In its response to the outcry Google used the phrase "pure webspam" to distinguish it from the "shallow or low-quality content" that has largely been the focus of recent criticism. This, as much as anything, acknowledges that what users define as "spam" has evolved over time, and that we're witnessing something of a turning point in what users consider acceptable search results. With that, we're also witnessing a forced re-evaluation of the notion of "quality" search results, both by the search engines and by search marketers. If, as I'll argue, spam was originally thought of as trickery in the SERPs, and subsequently morphed to reference notions of relevancy, then spam as defined as honest, relevant but suboptimal results marks the third phase in the evolution of search spam: spam 3.0.
What is Spam?
Spam is fundamentally "something lacking merit" that has achieved high search engine visibility as a result of deliberate manipulative effort (in the context of this discussion – just to be clear – I am not referring to content delivered by mechanisms outside of search, such as email). Google has traditionally referred to this as "webspam" (Matt Cutts is "the head of Google’s Webspam team"), but I think it is increasingly limiting to think of spam exclusively as links in search results that point to websites (for example, Google may now well return content in a rich snippet that is delivered to them from a data feed, and doesn't reside on a website per se).
What might be, more formally, some of the distinguishing characteristics of search spam?
- Intentional. Search engine spam must, by definition, be directed at improving a resource's visibility in the search engines (in times past, one might have said "of improving the rankings of a website"). However appalling an included result, if it was not designed to perform well in search, it got there by chance.
- Monetarily-focused. For a spammer, the purpose of achieving high visibility in the search engines is to make money. Exceptions where search engine spam has been propagated reasons other than cash exist, but are rare.
- Cost-effective. Search engine spam is at least designed to bring in more money than it costs to produce, though search engine spam has traditionally had an eye on an astronomical, rather than simply acceptable, ROI.
- Suboptimal. A top spam result is never the same as the top result that would be returned by a user conducting a through, independent survey of available resources.
I think these characteristics, in aggregate, provide some rough constants by which "spam" can be referenced throughout its history – with an emphasis on "rough." The characteristic, in particular, that spam is always "suboptimal" will certainly require further examination, as the quality of a resource is subject both to opinion and context. I'll also leave aside too, for the moment, the degree to which quality might be used to distinguish between "spamming" and "search engine optimization," as both these activities are, broadly, intentional and cost-effective manipulation of search results for financial gain.
The Evolution of Spam
In the table below is a summary of what I think what has typified search spam through different phases, as well as the different ways search engines have responded to spammers' efforts. There's a lot of overlap between categories, and certainly spam or spam counter-measures are not mutually exclusive to each phase (for example, spammers are still keyword stuffing, and Google is still working at neutralizing at the impact of keyword stuffing).

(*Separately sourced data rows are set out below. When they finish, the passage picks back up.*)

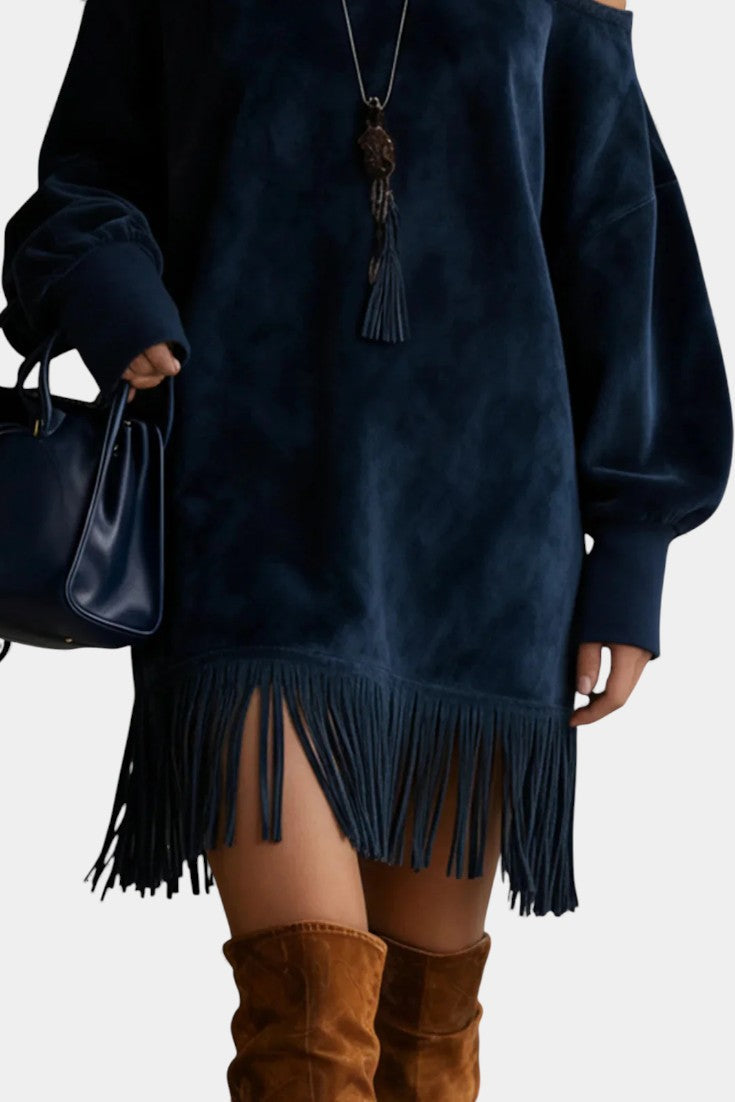 Iseult Off-Shoulder Navy Suede Dress with Fringed Hem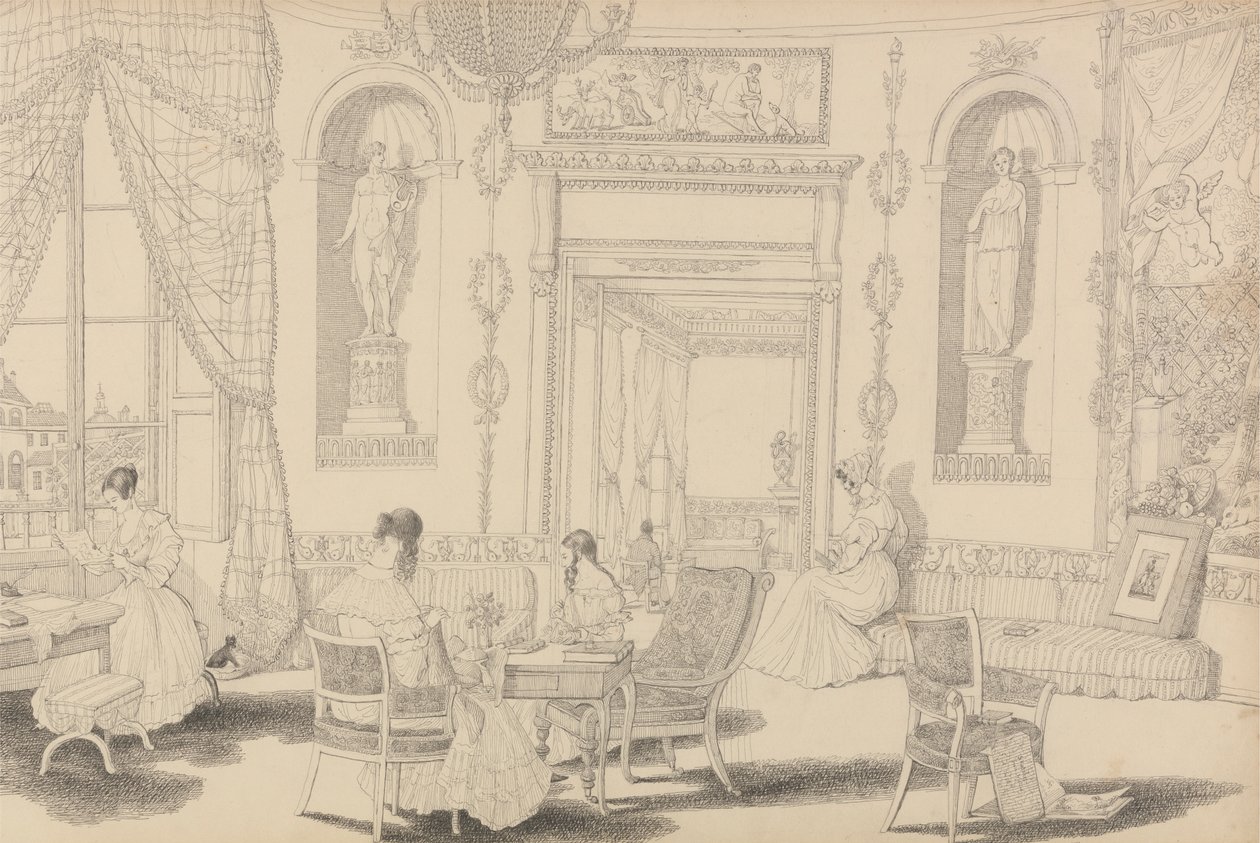 Album of 30 Views in the Tyrol and Italy: Circular Boudoir in Casino Pecori 10th October 1841 by Sir Charles D
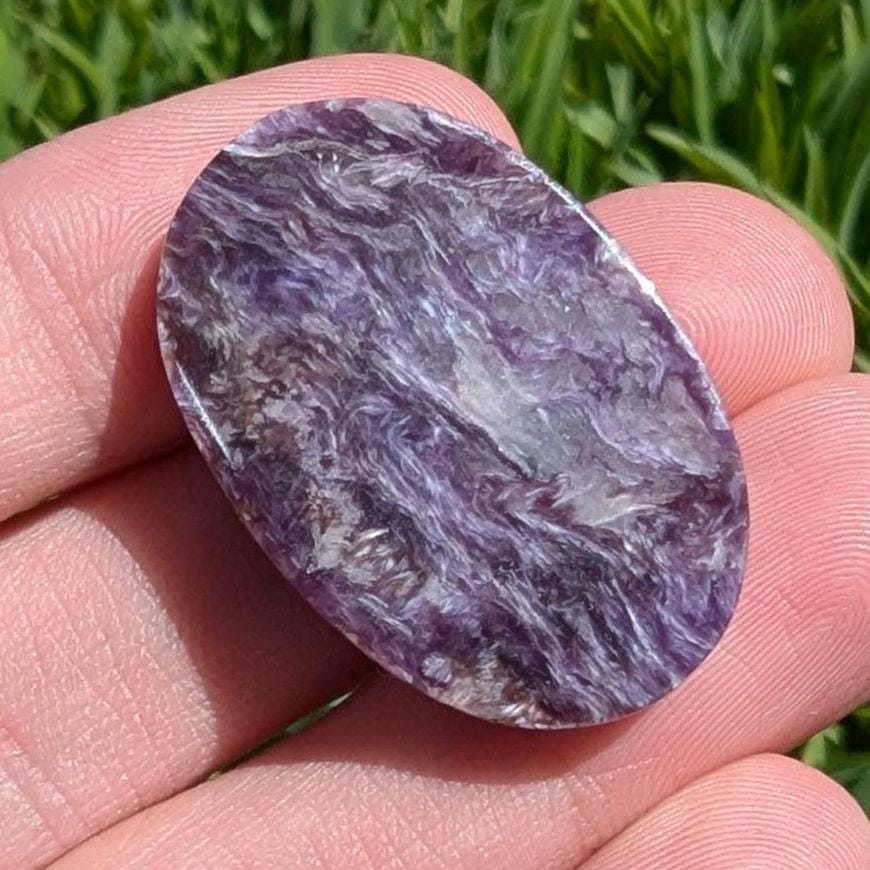 38 ct High Quality Purple Charoite - Oval Cabochon - Charoite from Chara River, Siberia, Russia - Natural Untreated Charoite Gemstone
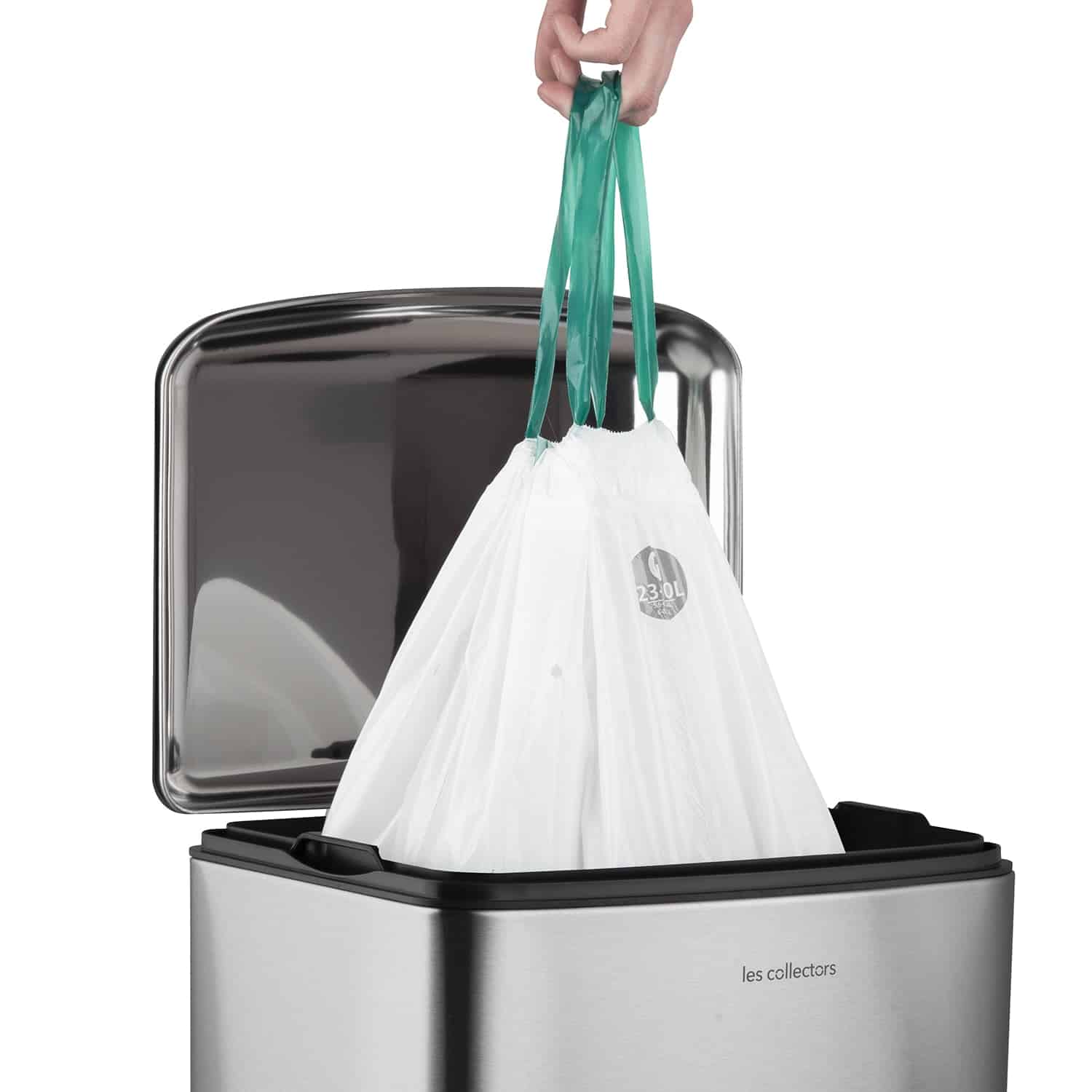 Cos de gunoi cu pedala, Les Collectors, N712, 30 litri, 1 compartiment, inox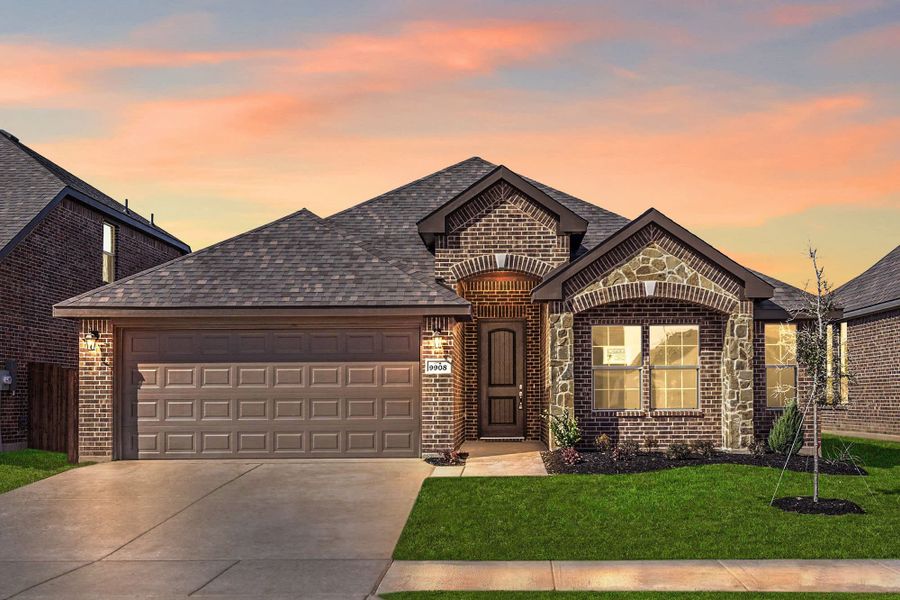 Elevation C with Stone | Concept 1730 at Hulen Trails in Fort Worth, TX by Landsea Homes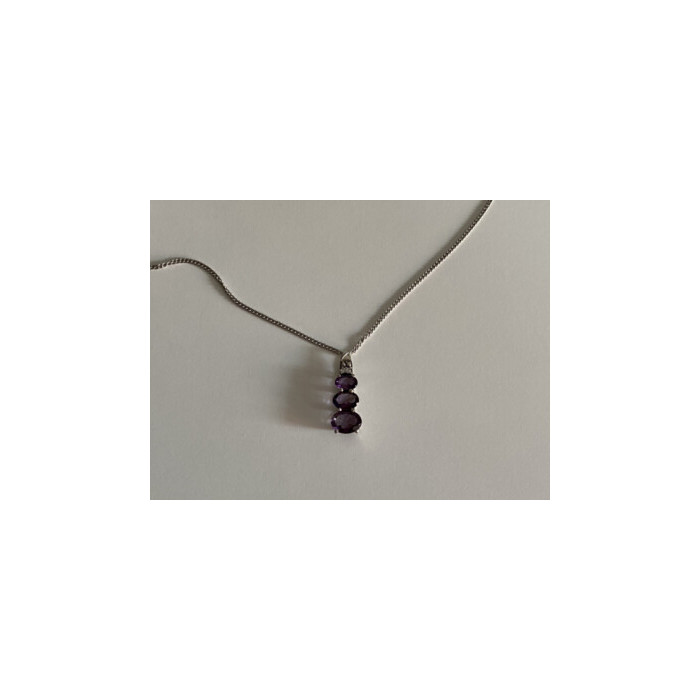 Chain With Pendant Purple CZ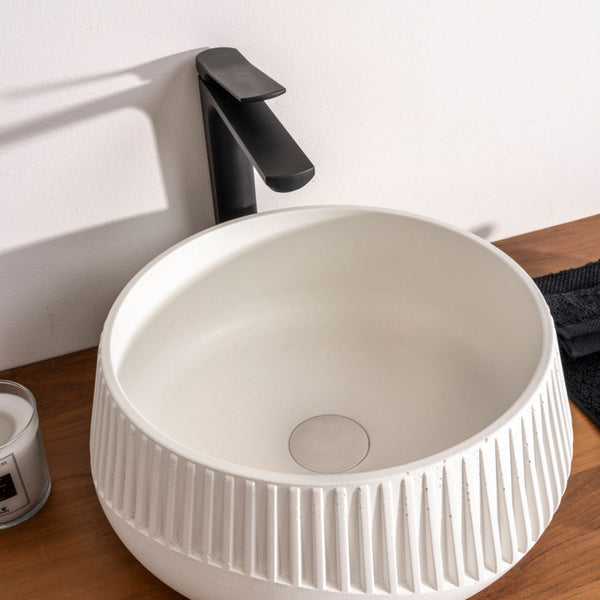 LAVABO GEAR 39Ø in cemento e resina - CIPÍ lavandino stile industrial o urban cottage, finitura materica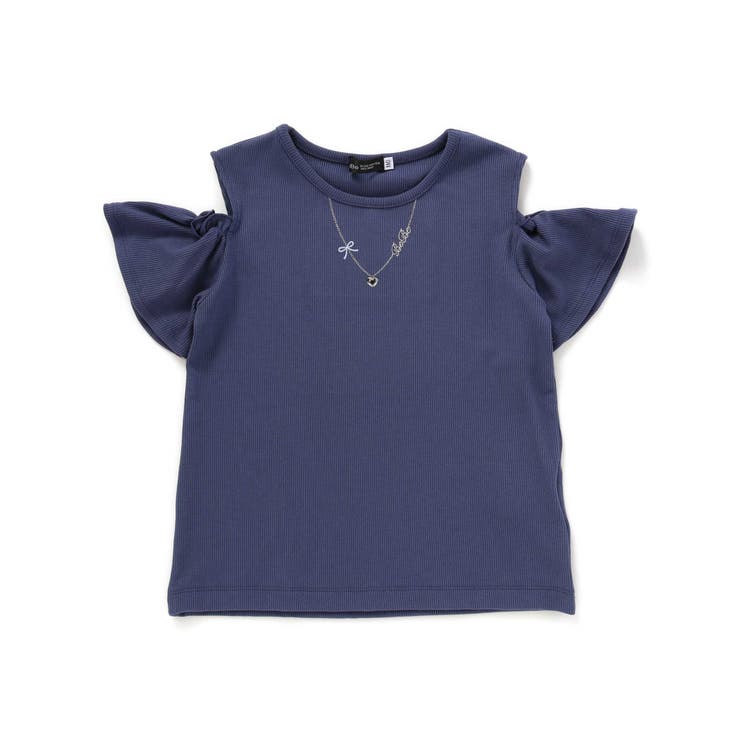 ネイビー | ソフトテレコ肩開きネックレスTシャツ(100~160cm) | BeBe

|Spam 1.0||Spam 2.0||Spam 3.0|
|Spammer Intention||Fool the bot||Humor the bot||Feed the bot|
|Spam Content||Not what it claims to be||Not as relevant as it claims to be||Not as good as it claims to be|
|Spammer Tactics||Keyword stuffing, sneaky redirects, link farms, scraping, hidden text, hidden links, parasite hosting, comment spam, cloaking||Raw content aggregation, paid links, directories, subdomaining||Query-focused content generation, thin UGC, sophisticated content aggreation|
|Search Engine Ranking Emphasis||Content (the site itself)||Links (what other sites say about the site)||Linkers (what trusted entities say about the resource)|
|Algorithim Authority Focus||Statistically relevant keyword content, unvetted backlinks||Contextually relevant keyword content, expert backlinks||Authoritatively relevant keyword content, trusted linkages|
|Search Engine Responses to Spam||Google Florida update, devaluation of meta keywords, nofollow, Google sandbox||End of Googlebombing, paid link reporting, canonicalization, expanded crawling, Google Caffeine||Google May Day update, factoring of social signals, sentiment analysis, reputation profiling|
Spam 1.0: Fool the Bot
The early days of search engine spam was typified by base misrepresentation of content. The spammer's goal was to deceive the search engines – and by extension, the searcher – into believing a particular website or page was about something it was not (or provided answers it didn't, or sold products it didn't, and so on).
The tactics employed by spammers were in part successful because the search engines placed a high degree of value on the keyword environment of websites, without the same regard to either the authority of supporting external links or deeper scrutiny of the content that was to come later. In this way the search engines were far more apt to believe a website's own representation of its content than they are now. Words in meta keywords and other on-page elements carried substantial weight, as did scraped content – however nonsensical it might be. It is, indeed, in this era that search marketers began measuring and adjusting "keyword density" in an effort to find the magic formula for winning search results based solely on the keywords supplied to the search engine robots.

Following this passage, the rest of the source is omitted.